__GOAL OF THE EXERCISE__: Reproduce all the lines below exactly and omit the images.

__GIVEN DATA__:
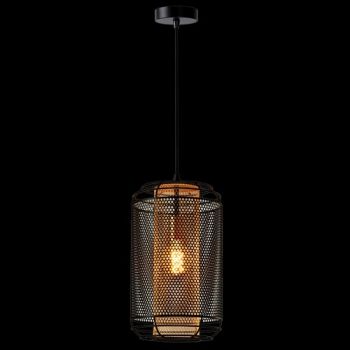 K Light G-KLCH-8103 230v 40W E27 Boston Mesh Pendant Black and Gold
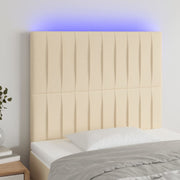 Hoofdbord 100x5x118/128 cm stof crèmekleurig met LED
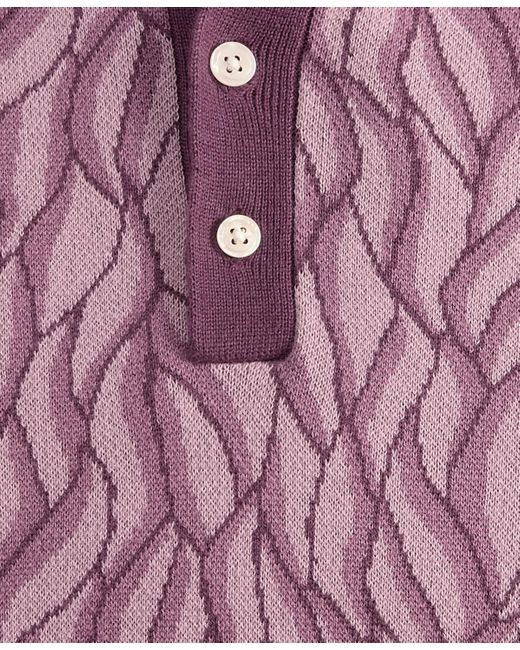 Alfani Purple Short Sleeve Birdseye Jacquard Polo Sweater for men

__SOLVED EXERCISE__:
 K Light G-KLCH-8103 230v 40W E27 Boston Mesh Pendant Black and Gold
 Hoofdbord 100x5x118/128 cm stof crèmekleurig met LED
 Alfani Purple Short Sleeve Birdseye Jacquard Polo Sweater for men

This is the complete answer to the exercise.